2. En realidad hay asociadas tres escenas, conectadas entre sí, en la franja intermedia. Por un lado, está, en el centro, el juicio que Jesús realiza sobre la actuación de cada persona. Conecta temáticamente con la lámina 20, que recoge la afirmación del credo “Vendrá a juzgar a vivos y muertos”. Pero en esta ocasión no aparece la majestuosidad de la lámina aludida, porque lo que quiere representar la lámina es el juicio particular, o privado, que la reflexión teológica diferenciaba del juicio universal, público y notorio, al final de los tiempos. De ahí que aparezca Jesús como juez, pero no ante una muchedumbre ingente, como recoge la lámina 20. Aquí aparece un juicio personal, pero doble, para presentar otro supuesto de los novísimos: infierno y gloria, o salvación y condenación. La salvación, a la izquierda ––la derecha de Cristo—, con la representación del alma con túnica blanca acogida por un ángel, mientras el demonio se resiste ante la presa perdida; y la condenación, a la derecha ––la izquierda de Cristo—, con el alma ennegrecida arrastrada con cadenas por un diablo al infierno, mientras un ángel se cubre los ojos de pesar. Vuelve a aparecer el bien y el mal, en esta ocasión de forma irrevocable, porque el juicio emitido por Jesús es, asimismo, irrevocable.
3. En la parte superior, la tercera escena, bastante acaramelada, trata de ser continuación del juicio favorable, al que sigue la entrada en la gloria. Esta entrada, de izquierda a derecha, muestra al alma con túnica blanca —no podría representar el cuerpo, porque no se ha producido aún la resurrección final, la resurrección de la carne (lámina 29)— acompañada por un ángel, y presentada por María, como introductora en el cielo de los salvados. Da la impresión de que es ella, quien “presenta” a la persona salvada ante la Trinidad. Con esto se deja a un lado lo que ofrecía la escena inmediatamente anterior, según la cual el propio Jesús juzga y establece la suerte de cada uno.
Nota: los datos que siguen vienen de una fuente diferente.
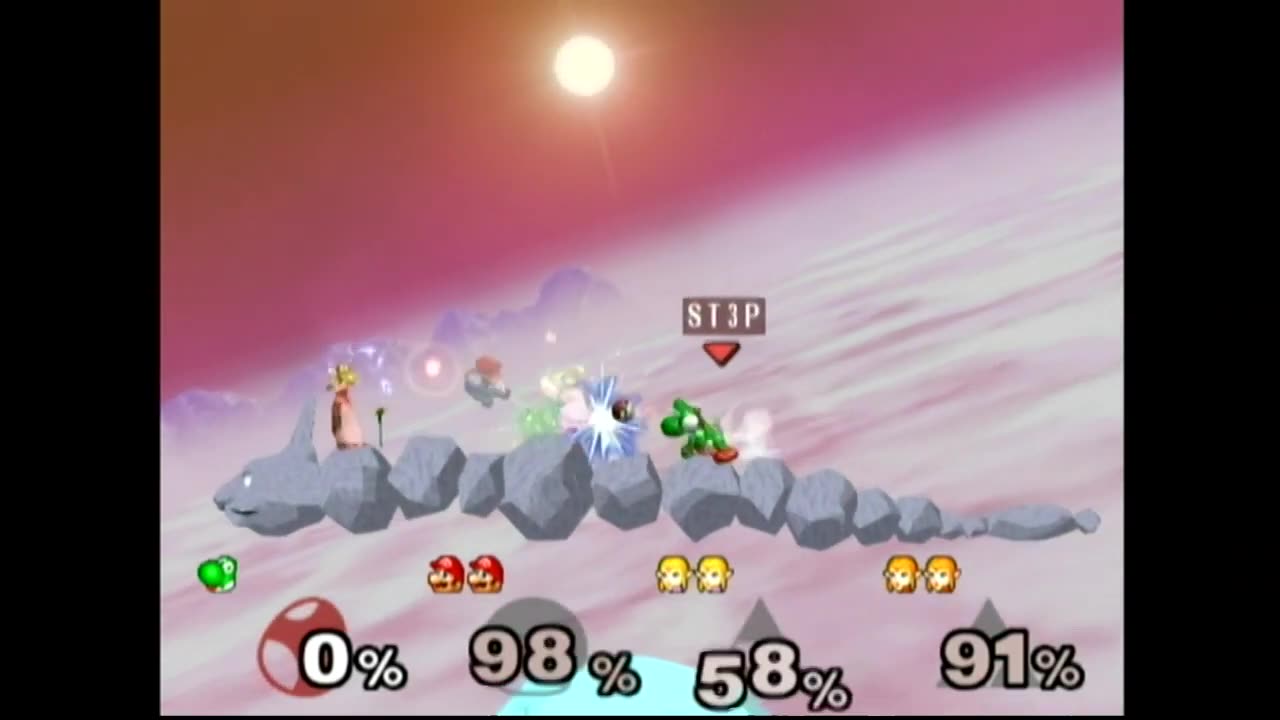 Super Smash Bros Melee Battle66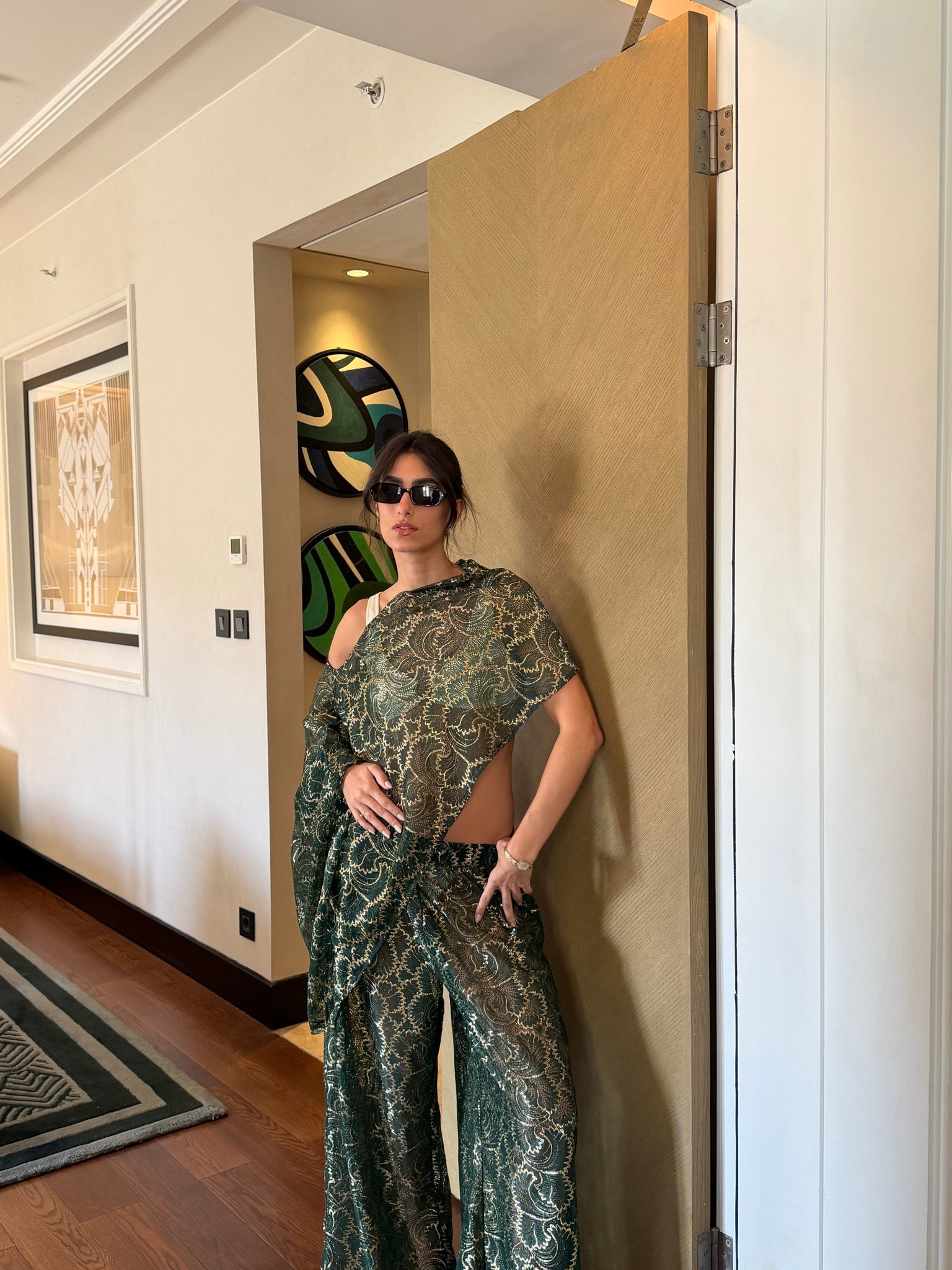 Mystic Olive Pants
No es lógico, pues, que, a continuación, tenga que ser introducida la persona que ha obtenido la salvación.
Pero un desmedido afán católico de exaltar la figura de María, y de hacerla intercesora en la salvación, y medianera indispensable en todas las situaciones, fuerza las cosas plásticamente como para presentarla no como salvadora —¡sería demasiado!—, pero sí como introductora de los salvados. Esta exaltación inmoderada de María como mediadora dejaba a un lado, como si la desconociera, la enseñanza expresa de que “hay un solo Dios, y también un solo mediador entre Dios y los hombres, Cristo Jesús, hombre también, que se entregó a sí mismo como rescate por todos” (1 Tm. 2, 5-6). La fidelidad al único mediador ha sido una de las reivindicaciones seculares de los reformados, frente a la postura católica, más laxa, hasta el punto de llegar casi a desdibujar la afirmación bíblica.